VCFA, which was founded in 1982, has definite commitments for another $21 million that arrived too late for the first closing. In addition, the firm has between $55 million and $140 million in “soft commitments” from limited partners. The last fund the firm raised was VCFA Management IV, a $50 million Bermuda-based fund that closed in 2001.
Limited partners in the fund include American Family Insurance Group, Liberty Mutual, New York State Teachers Retirement System and the University of Richmond. VCFA has taken on some new LPs that include large institutions. The firm has added some smaller university endowments that invested between $3 million and $5 million apiece. VCFA also gained two additional foundations to its LP roster. “Once you have the first closing, everyone knows you mean business. It makes people make a decision,” said Managing Director Dayton Carr, a Smith Barney & Co. veteran. “Some people think they can wait until the last minute and get in-not with us.”
This fund represents a significant shift for the New York-based firm. Previous dedicated secondary funds have been focused on buying venture capital assets. VCFA Private Equity Partners IV will be 90% invested in the assets of middle- market leverage buyouts. VCFA Venture Partners III is approximately 51% invested and will be completely invested by 2006. VCFA Private Equity Partners IV will take about four years to invest.

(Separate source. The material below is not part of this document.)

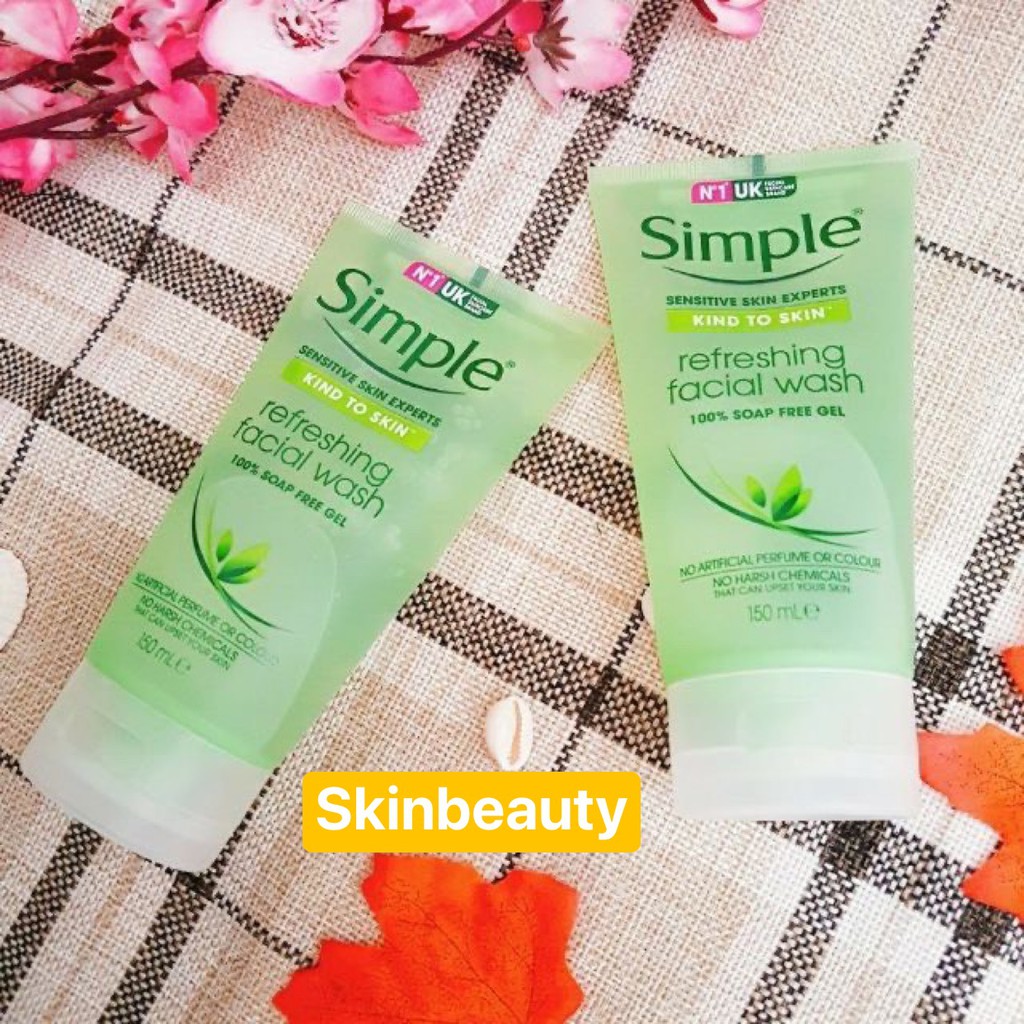 Sữa Rửa Mặt Simple Gel Kind To Skin Refreshing Facial Wash Gel 150ml -HÀNG CHÍNH HÃNG | BigBuy360 - bigbuy360.vn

“In the venture world there are lots of venture backed portfolio companies that aren’t doing well,” explained Carr, who began doing direct venture investments with his firm Carr Management Co. “There’s a lack of fundamentals and overvaluation. The valuations are going down, but some of the problems remain. We’re interested in smaller and medium sized LBOs. Our prior rates of return have been higher on our LBOs than in our venture investments. Overall I think the fundamentals of LBOs are better.” He also added that lower prices and fewer competitors make investing in small-and middle-market LBO assets attractive.
VCFA is actively pursuing a handful of buyout deals already for the new fund. The firm will likely add one partner and one associate as the fund closes. VCFA currently has two additional investment staff working on a consulting basis. The firm currently has four managing directors and has offices in Chicago and San Francisco in addition to its New York headquarters.